• **Exercise goal**: Down to the last line, set down the material below exactly, excluding pictures.

• **Stored data**:
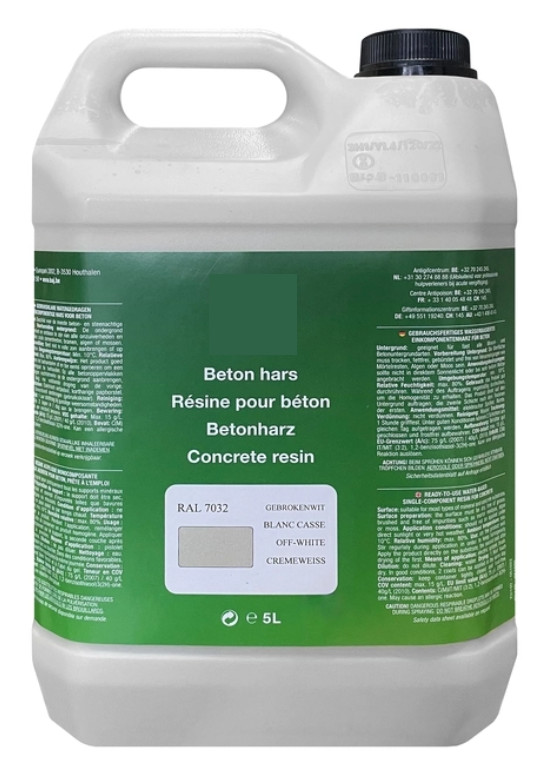 Résine béton blanc casse RAL 7032 5L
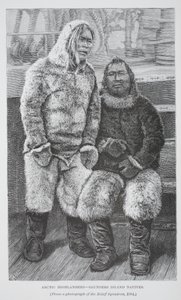 アークティックハイランダーズ-サンダースアイランドネイティブ、パブ。ロンドン1886（彫刻） 作： German School
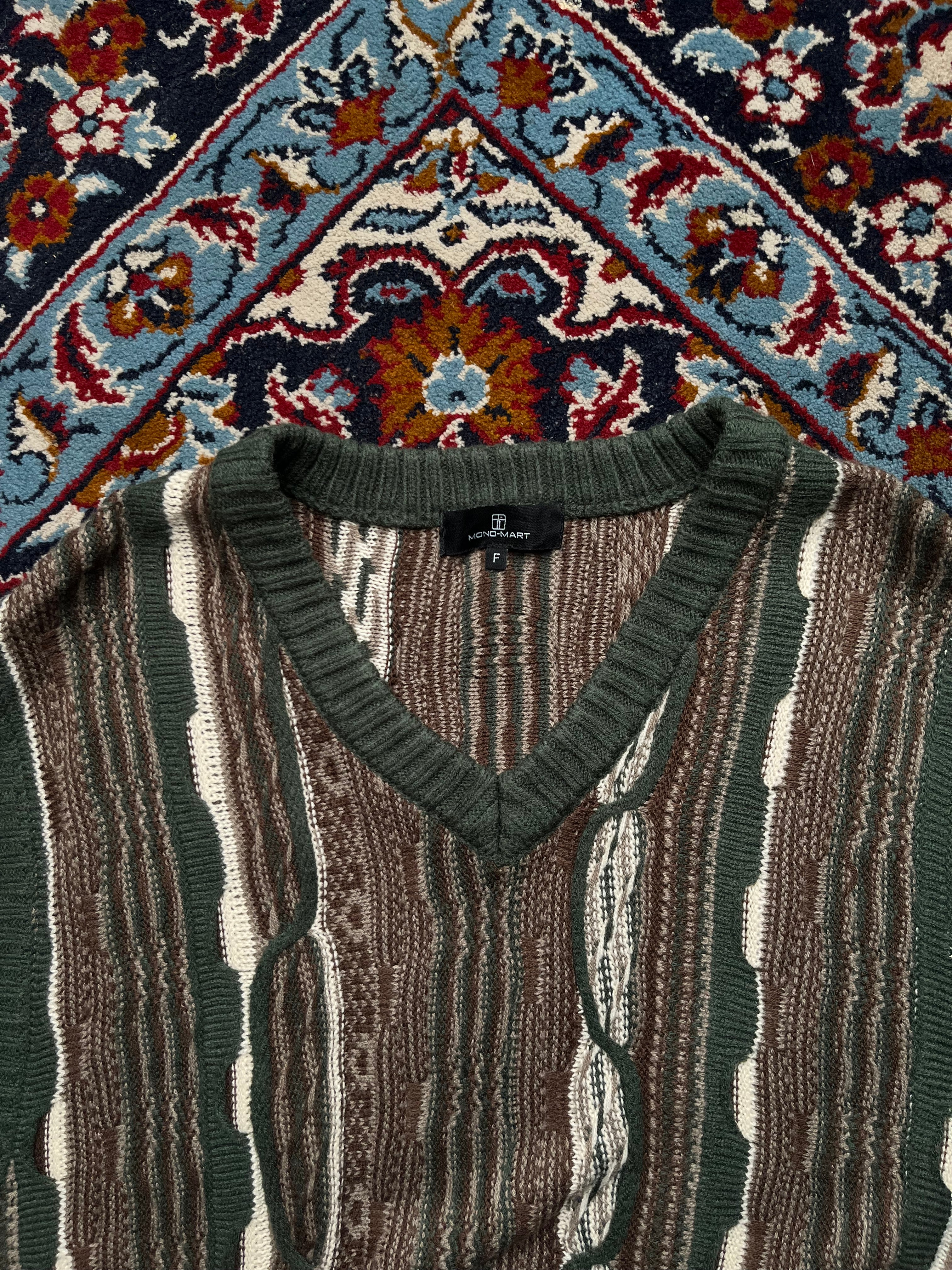 MONO-MART 3D Textured Multi Pattern V-Neck Sleeveless Sweater - XL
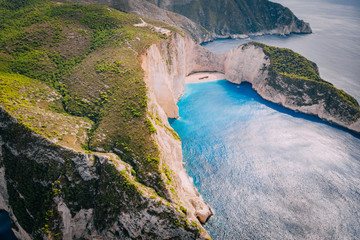 Aerial panoramic view of famous shipwreck beach Zakynthos, Greece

• **Exercise solution**:
 Résine béton blanc casse RAL 7032 5L
 アークティックハイランダーズ-サンダースアイランドネイティブ、パブ。ロンドン1886（彫刻） 作： German School
 MONO-MART 3D Textured Multi Pattern V-Neck Sleeveless Sweater - XL
 Aerial panoramic view of famous shipwreck beach Zakynthos, Greece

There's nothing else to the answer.